En 1948, avec la victoire électorale du Parti national, qui allait gouverner jusqu’en 1994, le régime de l’apartheid a finalement pris forme. Mandela, qui exerçait alors la profession d’avocat, a été dès le début l’une des figures de proue de la lutte contre la ségrégation raciale. En 1952, il a été élu président de l’ANC au Transvaal. Entre 1952 et 1961 il sera souvent arrêté pour activités séditieuses et libéré. Puis en 1962, accusé de sabotage et de complot pour renverser le gouvernement, il sera condamné à la prison à vie.

Au cours de 27 années d’emprisonnement, il est devenu un mythe, le symbole de la lutte contre l’apartheid. Libéré en 1990,  grâce à la pression internationale, Mandela est élu président de l’ANC, qui gagnera en 1994 les premières élections démocratiques  du pays,  le suffrage étant étendu à toutes les races. En 1993, aux côtés du président sud-africain Frederik Willem de Klerk, il reçoit le prix Nobel de la paix.

Élu président de la République en 1994, il a formé un gouvernement d’union nationale, donné au pays une nouvelle constitution, créé la Commission Vérité et Réconciliation chargée d’enquêter sur les violations des droits humains commises sous le régime de l’apartheid, initié une réforme agraire et des plans de réduction de la pauvreté et de renforcement  des services de santé. En 1999, il a refusé de briguer un second mandat présidentiel et, à la tête de l’Etat, lui succède Thabo Mbeki, à qui Mandela avait déjà cédé la charge de président de l’ANC en 1997. 

Le mythe de nombreux dirigeants africains, salués comme des héros de la lutte pour l’indépendance, vénérés « pères fondateurs » de leurs pays, n’a pas duré longtemps : une fois qu’ils ont pris le pouvoir, ils se sont révélés ensuite cyniques, irresponsables et follement corrompus, prêts à déclencher des guerres civiles, voire des génocides pour conserver le contrôle de l’appareil d’Etat et un accès illimité à la richesse nationale, peu importe le sort de leurs compatriotes.

Il n’en a pas été ainsi pour Nelson Mandela, qui a conservé jusqu’à la fin le charisme et l’aura qui l’ont entouré pendant des décennies et une image  discrète, modérée et intègre même lorsque son parti, l’ANC, dégénérait, de scandale en scandale, et que des luttes intestines pour le pouvoir allaient jusqu’à donner au pays l’actuel président, Jacob Zuma, élu en 2009, en dépit des accusations de corruption, de fraude et de blanchiment d’argent, et d’une vie privée pour le moins discutable (1).  

Quand Mandela, éloigné  depuis  un certain temps de la scène politique, est apparu inopinément  aux côtés de Zuma lors d’une réunion de l’ANC pour soutenir le candidat à la présidentielle très loin des idéaux qu’il incarnait, beaucoup s’interrogeaient: Madiba, c’est pour cela que tu as combattu ? (2)

Il a vécu assez de temps pour voir la police du gouvernement dirigé par son parti tirer mortellement sur les mineurs en grève, non pas une fois mais trois fois en moins d’un an.
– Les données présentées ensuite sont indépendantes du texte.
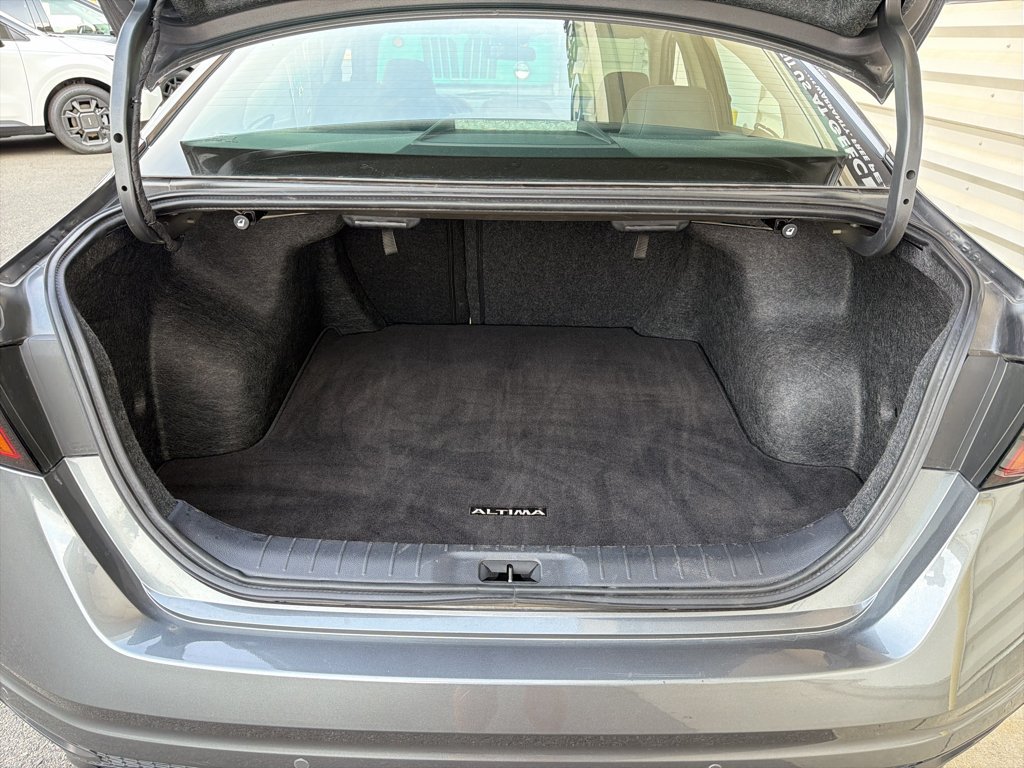 Used 2025 Nissan Altima 2.5 SR AWD/4WD image 14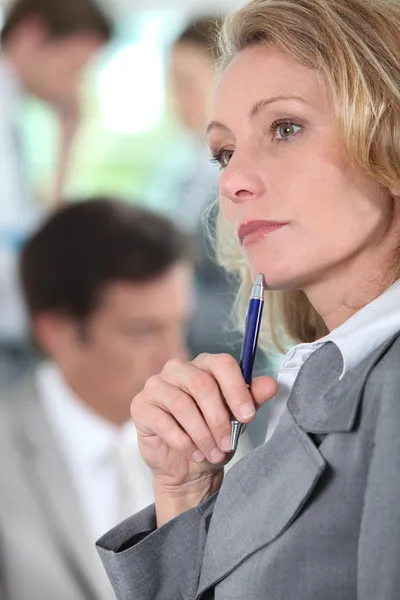 Zakenvrouw denken — Stockfoto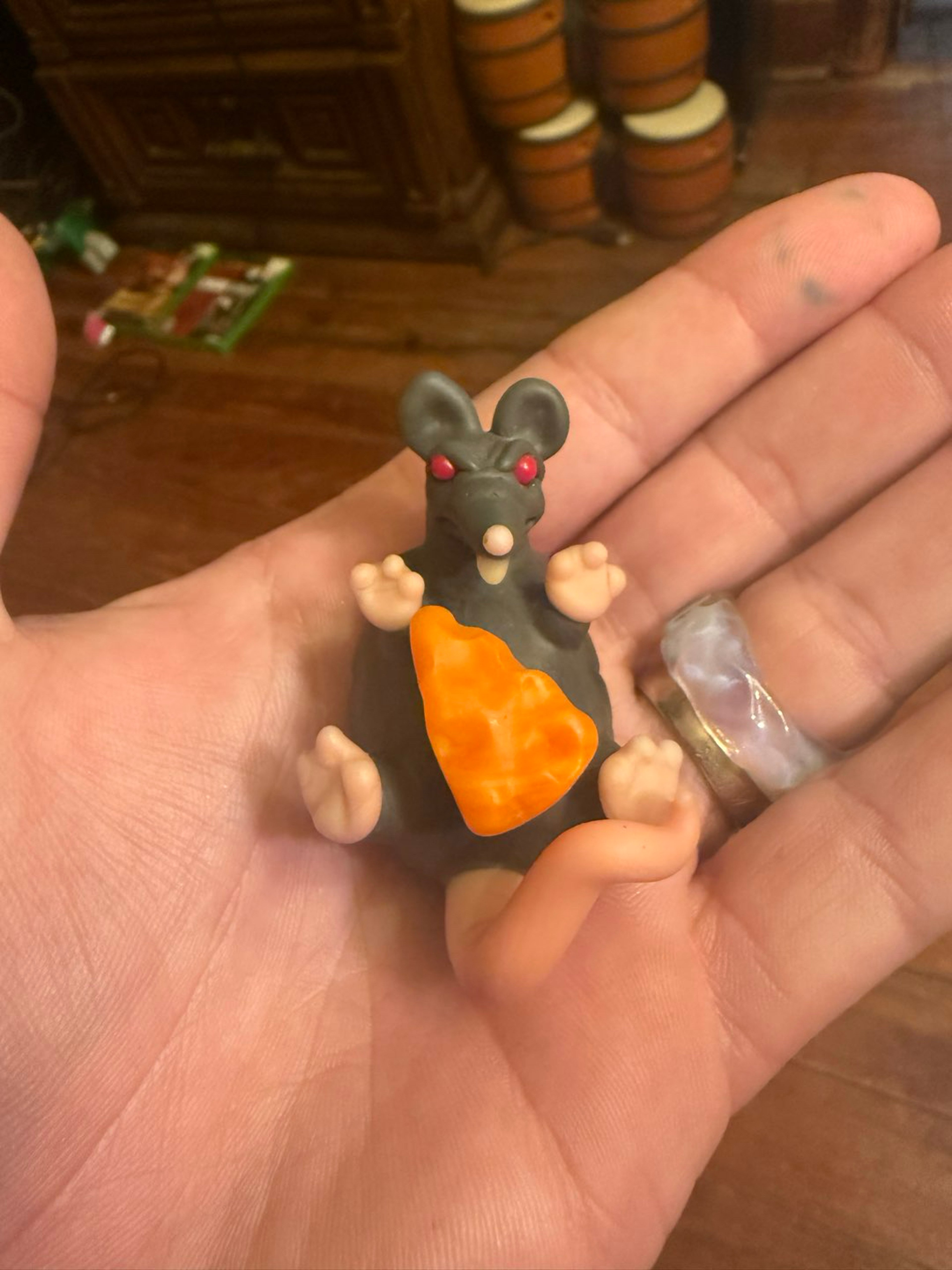 Preview pic of Ethan Windy Rat and Cheese Pendant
En Août 2012, dans la mine de Lonmin à Marikana, 34 mineurs sont ainsi morts : il s’agit de l’emploi  le plus meurtrier de la force contre des civils par la police sud-africaine depuis 1960 et la fin de l’apartheid, comparable au massacre de Sharpeville, en plein régime de l’apartheid, lorsque les forces de l’ordre ont tiré et tué 69 personnes.

« Une vie meilleure pour tous », tel était en 1994 le slogan de l’ANC. Mais Mandela laisse  un pays où un tiers de la population et plus de la moitié des enfants vivent en dessous du seuil de pauvreté et où, depuis la fin de l’apartheid, le taux de chômage atteint plus de 25%, de même que s’est creusé le fossé entre riches et pauvres.(3) 

 Traduit de l’édition espagnole de Aleteia par Elisabeth de Lavigne.

Notes de Aleteia :
1)  Mandela a été marié trois fois, et ses nombreux enfants et petits-enfants se disputent son héritage.
2) Pendant la durée de son mandat a également été adoptée la loi controversée sur l’avortement 
3) Notons aussi que l’espérance de vie en Afrique du Sud a chuté de onze ans en moins de deux décennies : 61 ans en 1994, 50 ans en 2012.